YOUR INSTRUCTIONS: The response should be an exact transcription of the data below, free of images.

COLLECTED DATA:
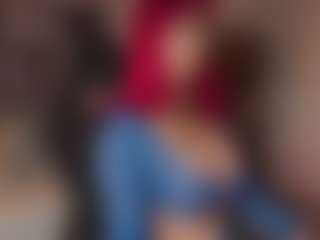 kateowens's Live Sex Cam Show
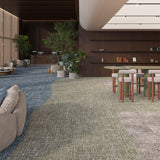 Balsan Darius Dalle Carpet Tiles from DCTUK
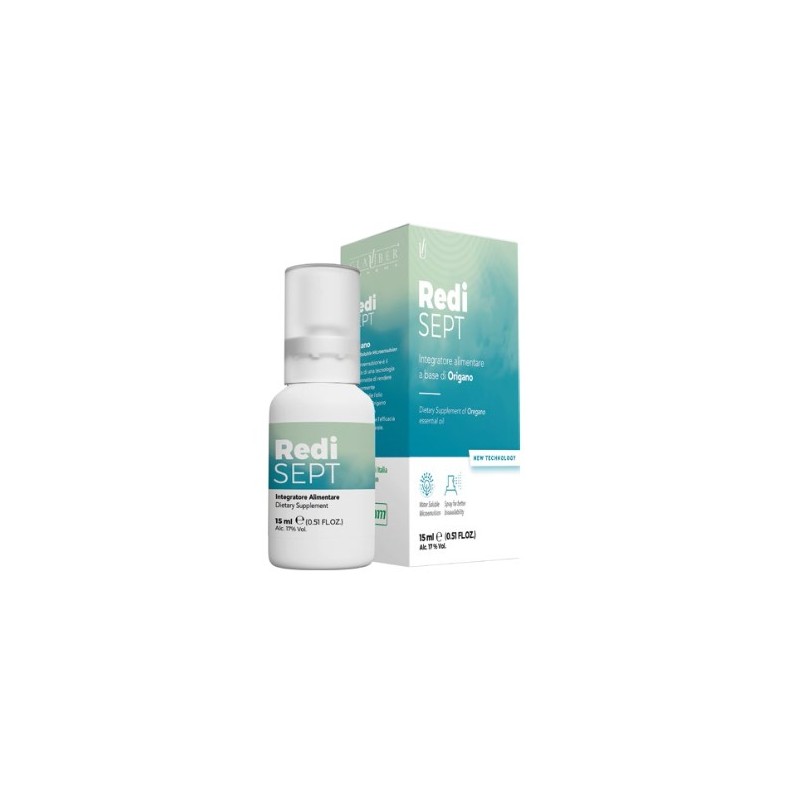 Redi Sept 15 Ml Glauber Pharma Redi Sept 15 Ml Glauber Pharma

RESULT:
 kateowens's Live Sex Cam Show
 Balsan Darius Dalle Carpet Tiles from DCTUK
 Redi Sept 15 Ml Glauber Pharma Redi Sept 15 Ml Glauber Pharma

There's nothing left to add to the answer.